Roberto Paccher ha giocato molto sulle similitudini tra i due territori, tradizioni, cori, vita di montagna, per poi arrivare al punto: per le Regioni alpine l’autonomia non è un privilegio, ma una risposta concreta alle difficoltà strutturali (isolamento, infrastrutture, clima, spopolamento). Ha legato l’autogoverno alla gestione più efficace delle risorse naturali e alla tutela delle identità linguistiche e culturali, fino a una chiusura politica: differenze come ricchezza, non come frattura.
Renzo Testolin, presidente della Regione, ha scelto un registro più emotivo e domestico: l’autonomia come un’eredità lasciata dai padri, «una casa, dei prati, dei boschi» da amministrare con la cura del buon padre di famiglia. Ha richiamato i pilastri «geografia e lingua», gli investimenti su scuola e francese (certificazioni, università, presenza francofona anche nei media) e la necessità di un rapporto leale con lo Stato. Poi il messaggio ai giovani: appartenenza e impegno, perché l’autonomia è un percorso iniziato 80 anni fa e mai finito.

I premiati e le autorità della Festa della Valle d’Aosta 2026: Leo Garin, Roberto Paccher, Stefano Aggravi, Giuseppe Petitgax, Renzo Testolin, Alessandra Ferraro, Giorgio Metta, Giuseppe Binel ed Alex Micheletto
Gli “Amis”: Gentili assente, Metta tra La Thuile e innovazione
Tra i nuovi “Amis de la Vallée d’Aoste” c’era Stève Gentili, presidente del Forum francophone des affaires, assente alla cerimonia: ha inviato un messaggio in cui si è detto «onorato» della distinzione e dispiaciuto di non poter essere presente, auspicando di poter testimoniare presto di persona il suo attaccamento alla Valle.

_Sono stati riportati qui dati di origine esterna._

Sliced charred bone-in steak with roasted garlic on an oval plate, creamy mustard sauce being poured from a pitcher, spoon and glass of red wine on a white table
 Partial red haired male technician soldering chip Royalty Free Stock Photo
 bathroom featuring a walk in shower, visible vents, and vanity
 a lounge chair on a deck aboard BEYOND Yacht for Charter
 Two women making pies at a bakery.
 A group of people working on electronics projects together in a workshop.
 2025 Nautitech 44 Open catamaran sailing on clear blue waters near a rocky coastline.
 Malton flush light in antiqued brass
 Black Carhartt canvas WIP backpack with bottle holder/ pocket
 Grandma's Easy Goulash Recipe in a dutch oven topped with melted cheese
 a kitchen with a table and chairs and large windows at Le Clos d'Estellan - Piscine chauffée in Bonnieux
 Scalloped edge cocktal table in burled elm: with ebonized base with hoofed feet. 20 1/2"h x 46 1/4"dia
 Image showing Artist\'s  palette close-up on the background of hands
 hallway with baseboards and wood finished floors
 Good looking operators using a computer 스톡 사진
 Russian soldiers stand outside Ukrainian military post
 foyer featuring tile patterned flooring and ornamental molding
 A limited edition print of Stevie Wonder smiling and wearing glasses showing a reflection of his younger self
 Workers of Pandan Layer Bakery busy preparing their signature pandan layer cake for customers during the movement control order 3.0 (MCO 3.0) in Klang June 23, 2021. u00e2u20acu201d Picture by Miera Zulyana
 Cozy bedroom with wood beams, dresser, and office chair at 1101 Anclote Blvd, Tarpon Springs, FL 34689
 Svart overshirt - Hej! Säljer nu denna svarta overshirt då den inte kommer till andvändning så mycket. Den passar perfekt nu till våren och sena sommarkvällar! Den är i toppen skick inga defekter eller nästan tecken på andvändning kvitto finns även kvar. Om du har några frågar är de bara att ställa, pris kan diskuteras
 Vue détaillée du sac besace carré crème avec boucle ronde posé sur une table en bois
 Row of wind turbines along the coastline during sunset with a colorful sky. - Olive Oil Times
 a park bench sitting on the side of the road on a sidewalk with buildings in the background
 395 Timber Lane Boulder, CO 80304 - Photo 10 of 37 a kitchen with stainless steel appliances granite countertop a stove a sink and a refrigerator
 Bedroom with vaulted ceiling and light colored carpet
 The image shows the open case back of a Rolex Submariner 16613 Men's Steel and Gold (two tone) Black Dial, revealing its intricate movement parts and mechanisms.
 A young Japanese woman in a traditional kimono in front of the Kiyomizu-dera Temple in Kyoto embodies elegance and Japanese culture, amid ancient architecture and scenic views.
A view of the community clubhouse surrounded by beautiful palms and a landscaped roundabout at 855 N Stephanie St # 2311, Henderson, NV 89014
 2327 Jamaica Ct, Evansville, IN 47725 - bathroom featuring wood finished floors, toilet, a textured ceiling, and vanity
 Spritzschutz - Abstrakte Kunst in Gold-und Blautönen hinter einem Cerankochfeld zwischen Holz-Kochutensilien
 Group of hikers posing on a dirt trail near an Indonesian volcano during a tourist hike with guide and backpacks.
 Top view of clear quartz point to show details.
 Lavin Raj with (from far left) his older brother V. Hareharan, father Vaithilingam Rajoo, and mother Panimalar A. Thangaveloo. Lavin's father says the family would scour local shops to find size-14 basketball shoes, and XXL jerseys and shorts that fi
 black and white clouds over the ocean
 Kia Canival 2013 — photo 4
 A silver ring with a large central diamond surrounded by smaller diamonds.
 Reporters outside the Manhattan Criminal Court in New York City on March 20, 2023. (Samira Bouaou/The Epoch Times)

L’altro “Ami” è stato Giorgio Metta, direttore scientifico dell’Istituto italiano di tecnologia: la motivazione lo lega allo sviluppo dell’innovazione in Valle d’Aosta e all’apertura verso grandi reti scientifiche. Metta, visibilmente emozionato, ha parlato di «un legame profondo» con La Thuile e con le persone, e di un lavoro che «continuerà» per portare in regione tecnologia e idee nuove: non solo un riconoscimento, ma una promessa operativa.
Le quattro storie dei nuovi “Chevaliers”
Lo scultore Giuseppe Binel di Donnas ha ringraziato e l’ha detta semplice, con una modestia da artigiano vero: non sa «se merita» l’onorificenza, ma cercherà di esserne degno e all’altezza.
Alessandra Ferraro, direttrice di Rai Isoradio, già capo redattrice della TGR Valle d’Aosta, ha messo al centro radici e memoria, raccontando il legame con Brusson e Fenilliaz e il suo impegno a Roma «per testimoniare» la bellezza della Valle d’Aosta; per lei il titolo non è un traguardo, è una responsabilità.
Leo Garin, ristoratore e fondatore dell’Auberge de la Maison e della Maison de Filippo a Courmayeur ha rivendicato con ironia di aver «vissuto tutta l’autonomia» ed ha regalato un racconto identitario: l’origine della Coppa dell’amicizia, nata negli anni ’60 da una scodella con beccucci chiesta ad un artigiano di Valtournenche, diventata poi simbolo di convivialità valdostana.
Giuseppe Petigax, guida alpina e alpinista di Courmayeur ha riportato numeri e sostanza: oltre 50 anni di attività, 192 ascensioni del Monte Bianco e 24 spedizioni extraeuropee; ma il passaggio che pesa di più è il racconto del soccorso di alcuni colleghi ad 8.000 metri durante una spedizione, perché, detto da uno che di vette se ne intende, «la cosa più importante non è arrivare in cima».
Le celebrazioni della Festa della Valle d’Aosta si concluderanno alle ore 20.30 di giovedì 26 febbraio, alla Chiesa parrocchiale di Santo Stefano di Aosta, con il “Concerto per l’autonomia” eseguito dal Coro Verrès.